▶ EXERCISE OBJECTIVE: Return exactly the lines of the entries that start at the line containing "WAGOO 雙倉 13000口" and continue to the last line. Omit the pictures.

MATERIALS PROVIDED below:

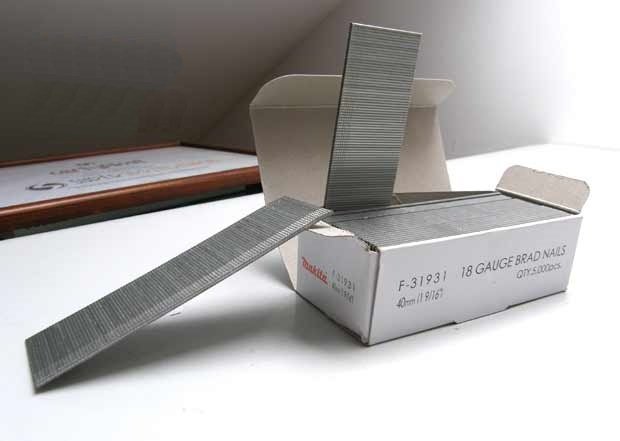 MAKITA GWOŹDZIE (SZPILKA) 38mm do AF505 (5000 szt.) (F-31928)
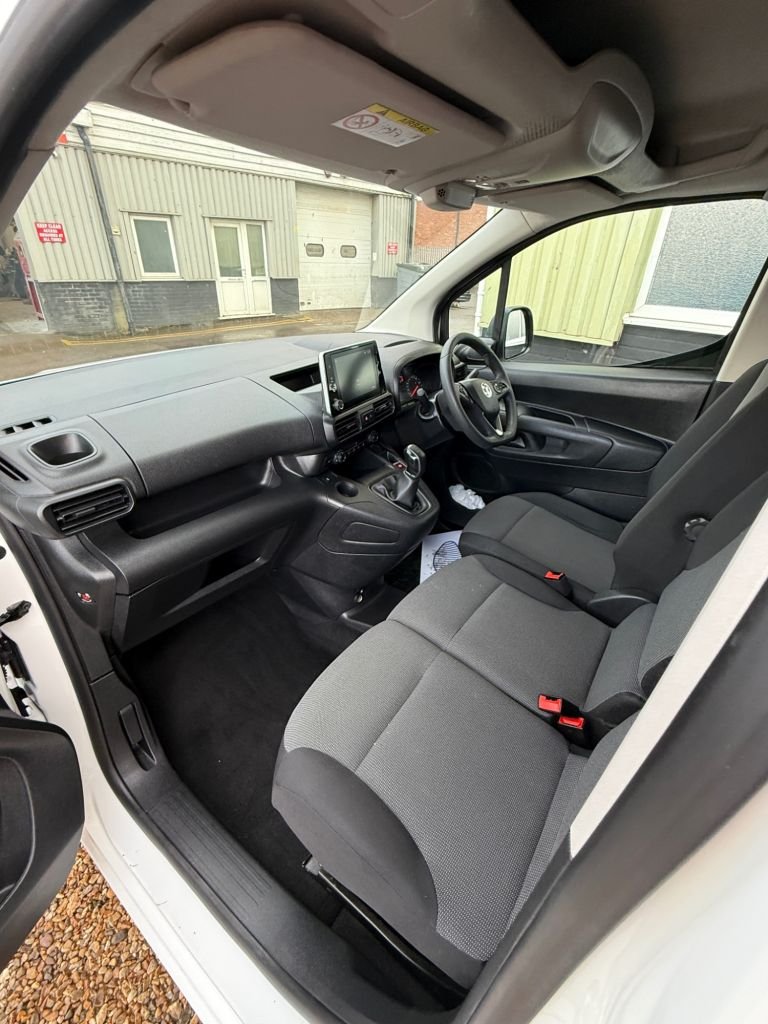 Used Vauxhall Combo 2019 for sale - 76323471: Photo 25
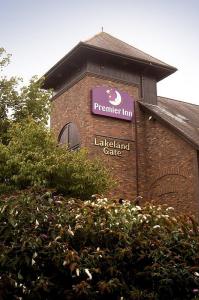 The Bedrooms at Premier Inn Carlisle (Central)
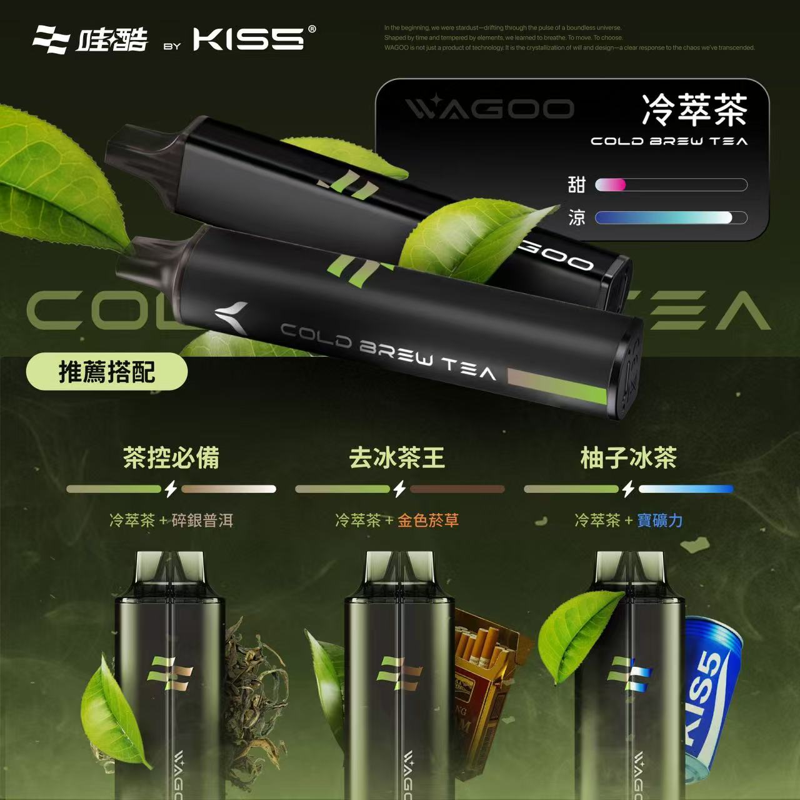WAGOO 雙倉 13000口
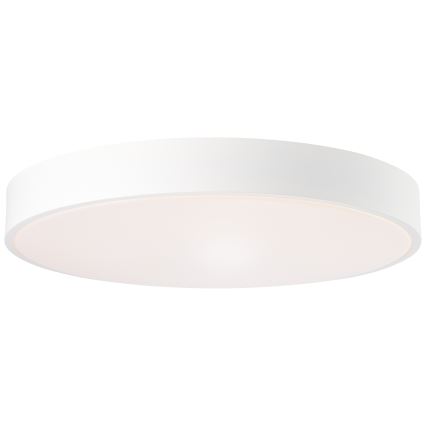 Brilliant - LED Stmívatelné stropní svítidlo SLIMLINE LED/60W/230V 3000-6500K pr. 49 cm bílá + dálkové ovládání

End of MATERIALS PROVIDED.

▶ EXERCISE SOLUTION:
WAGOO 雙倉 13000口
 Brilliant - LED Stmívatelné stropní svítidlo SLIMLINE LED/60W/230V 3000-6500K pr. 49 cm bílá + dálkové ovládání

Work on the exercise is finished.